Domestic table wines were fundamental to growth of the U.S. wine market in September, as fresh tariffs clouded the outlook for imported wines.
The value of the total wine market in the U.S. rose nearly 4% to more than $72 billion in the 12 months ended September, according to market research firm bw166. Domestic wines led the growth, with sales during the period up 4% versus last year to $48.4 billion. Within the category, table wines showed the strongest growth, rising 6% — an increase that represents an additional $2.3 billion in sales. This is more than the value of sparkling wines sold ($2.1 billion) or bulk imports ($1.5 billion).
The positive sales numbers are part of the regular Wine Industry Metrics featured in the Wine Analytics Report. October’s issue of the report also included the top 25 performing brands in the off-premise sector and an examination of direct-to-consumer and e-commerce sales.
Domestic wine sales are typically more than double those of packaged imports, which increased just 3% versus a year ago to $24 billion. While sparkling wines from Italy and France, not to mention Sauvignon Blanc from New Zealand, have been strong performers in the market, the announcement Oct. 2 of a 25% retaliatory tariff on several types of wine from the European Union could dampen sales or shift the composition of what’s selling.
Off-premise sales data from Nielsen underscore the dominance of domestic wines, which increased a scant 1% versus a year ago in four weeks ended Sept. 7 to total $810 million.
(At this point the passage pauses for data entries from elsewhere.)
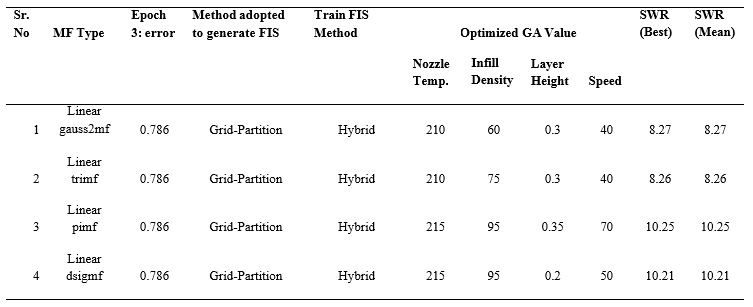 asejar_157_Table05.JPG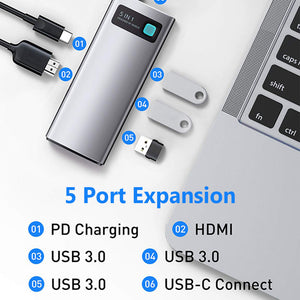 5 in 1 USB C Hub Docking Station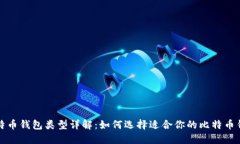 比特币钱包类型详解：如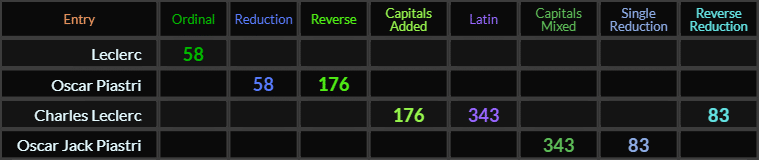 Leclerc = 58, Oscar Piastri = 58 and 176, Charles Leclerc = 176, 343, and 83, Oscar Jack Piastri = 343 and 83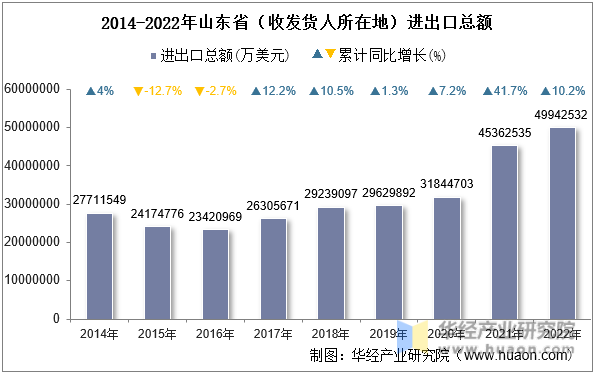 2014-2022年山东省（收发货人所在地）进出口总额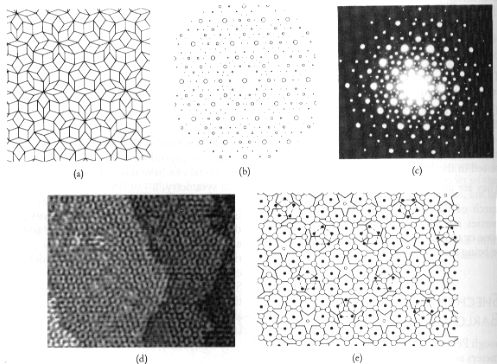 Penrose tile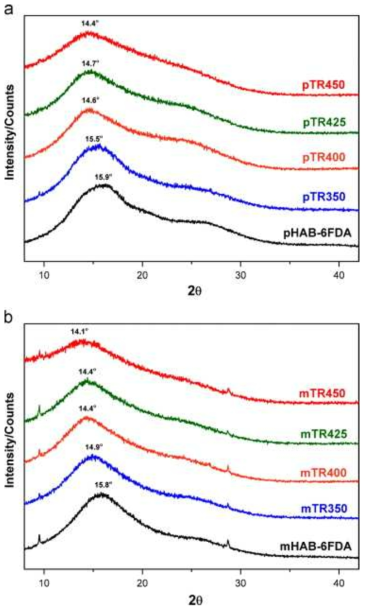 (a) pHAB-6FDA와(b) mHAB-6FDA 전구체 HPI와 다른 온도 및 처리 시간 조건에 따른 TR-PBO의 wide angle X-ray diffraction (WAXD) 패턴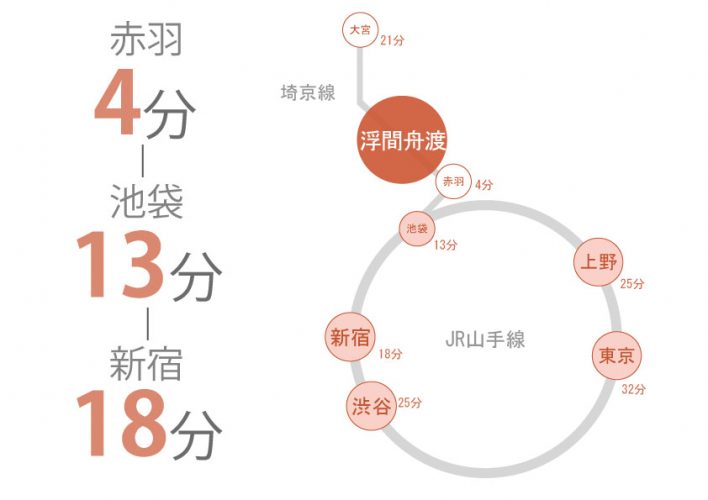 東京　シェアハウス　クロスハウス　一人暮らし　上京　家賃　賃貸　個室　ワンルーム　安い　家電付き　家具付き 浮間舟渡　埼京線　板橋区　池袋　家具家電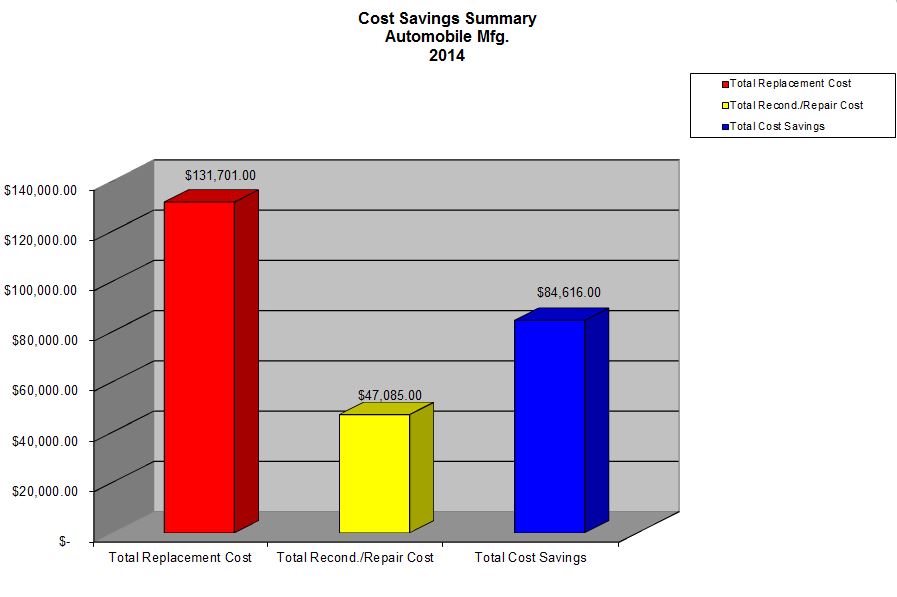 Cost Savings Reports Carbide Tool Services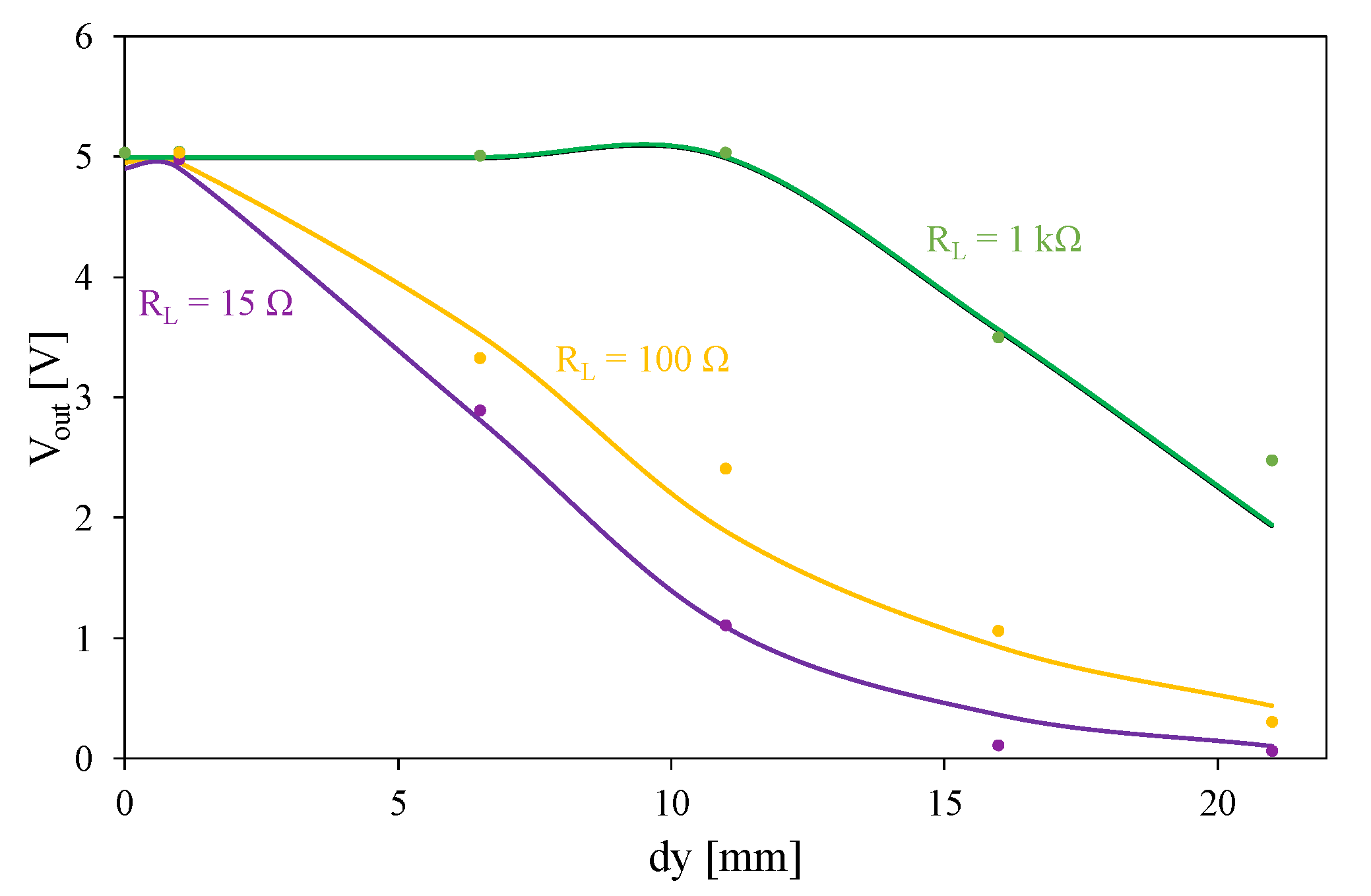 Energies 16 01391 g016 Energies 16 01391 g016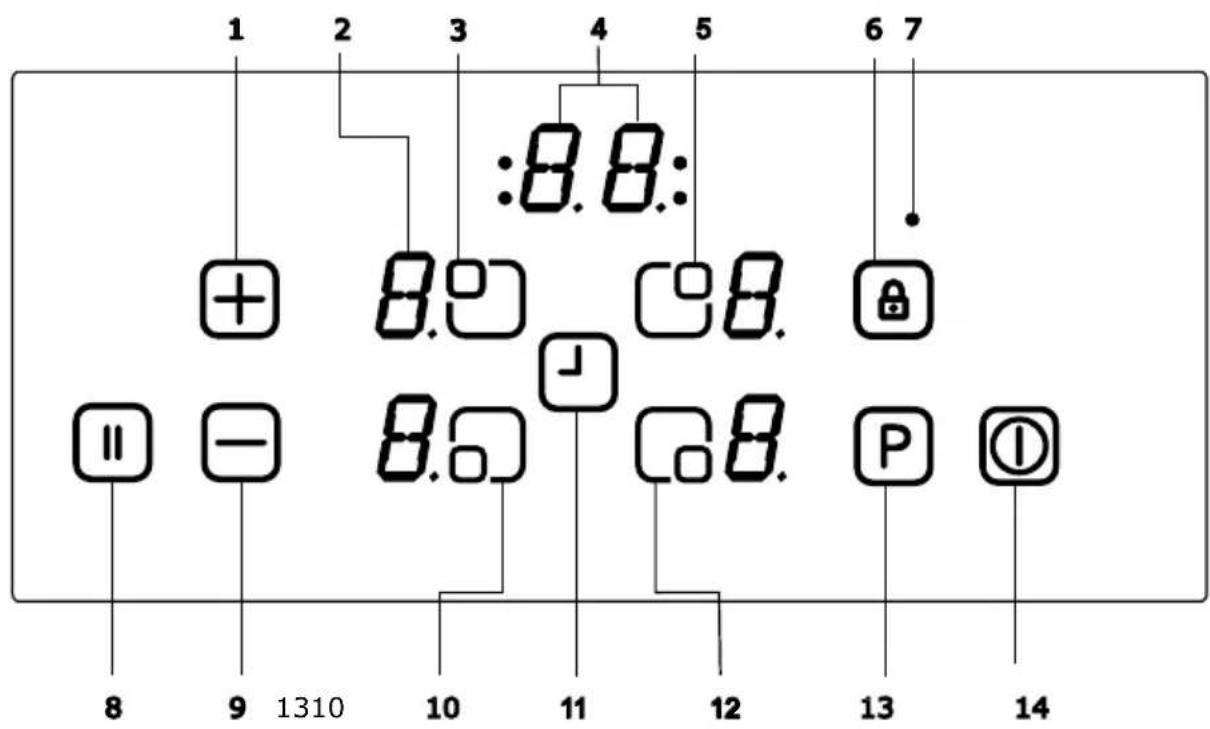 1 2 3 4 5 6 7 :8.8: + 8.9 8.8 - 8.0 J 8.8 P ① 8 9 1310 10 11 12 13 14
Sparkling wines saw the strongest and most consistent growth, rising 4% in value and 2% in volume, while table wines saw the value of sales increase 1% while volumes declined.
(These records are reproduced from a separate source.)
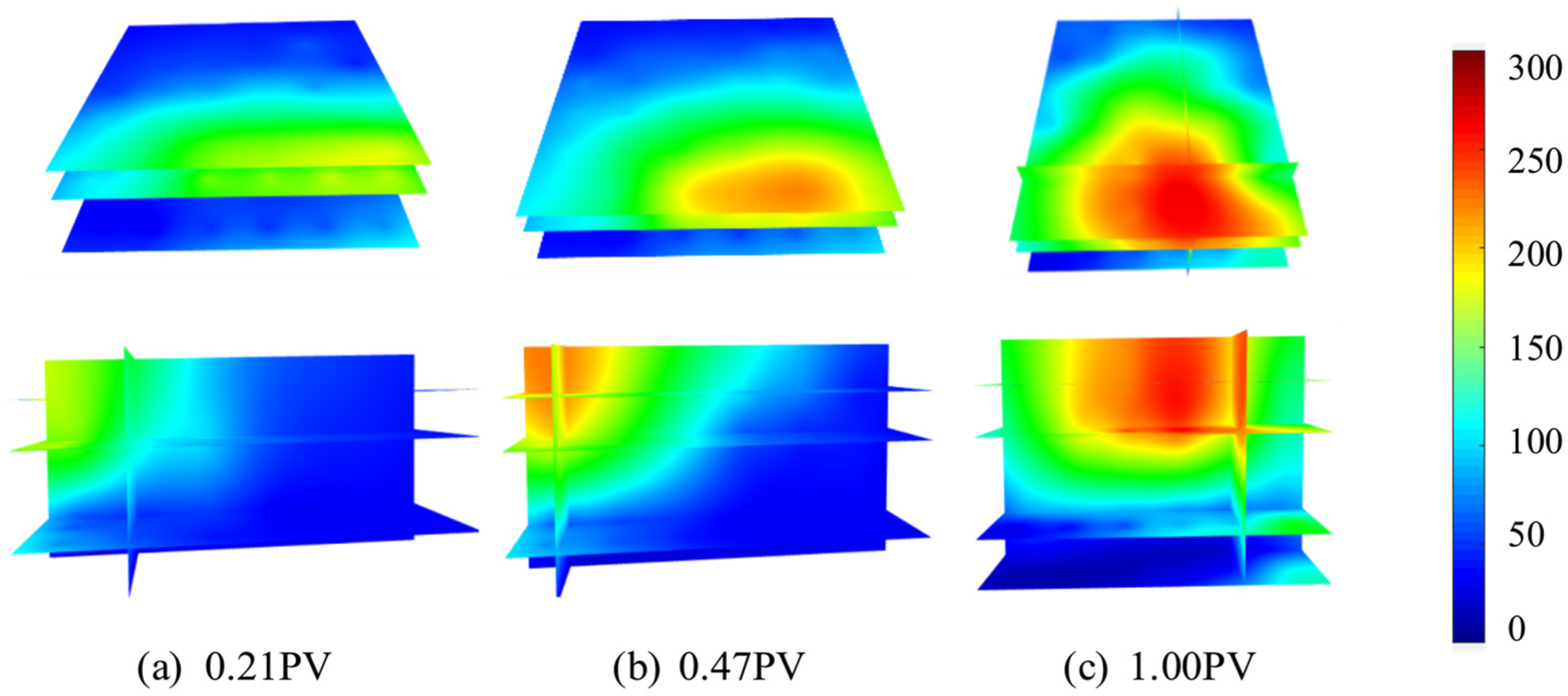 Processes 12 02884 g004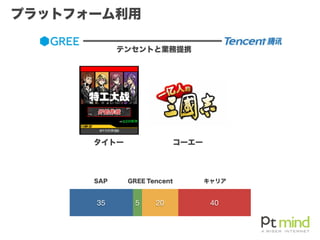 テンセントと業務提携
タイトー コーエー
0 100
4020535
SAP GREE Tencent キャリア
プラットフォーム利用
 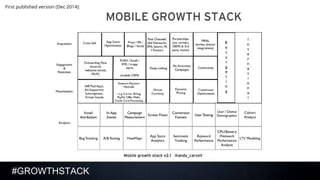 #GROWTHSTACK
First published version (Dec 2014):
Domestic table wines remained a driving force relative to imports, however. The segment accounts for 74% of total table wine sales through off-premise outlets tracked by Nielsen, or more than three times imports, in the 52 weeks ended Sept. 7. Domestic table wines also increased at more than twice the rate of imports.
California was by far the leading source of wines sold through off-premise outlets Nielsen tracked, with sales of $9.5 billion (up 1% versus a year ago), followed by Italy at $1.2 billion (up 2%) and Australia with $721 million (down nearly 1%). The top three regions represent 80% of off-premise sales and were well-represented among the country’s top 25 brands, with California claiming four of the five top-sellers, including Barefoot, Woodbridge, Franzia and Sutter Home.
The fastest-growing off-premise brands (by dollar value) included Josh, Bota Box and Stella Rosa, but New Zealand’s Kim Crawford ranked eighth.
Oregon posted the strongest growth among the top 10 regions that Nielsen tracked, with sales rising more than 13% to $208 million. The gain worked out to nearly $25 million in additional sales in the latest 12 months, a significant lift for a region that accounts for just 1% of the off-premise channel.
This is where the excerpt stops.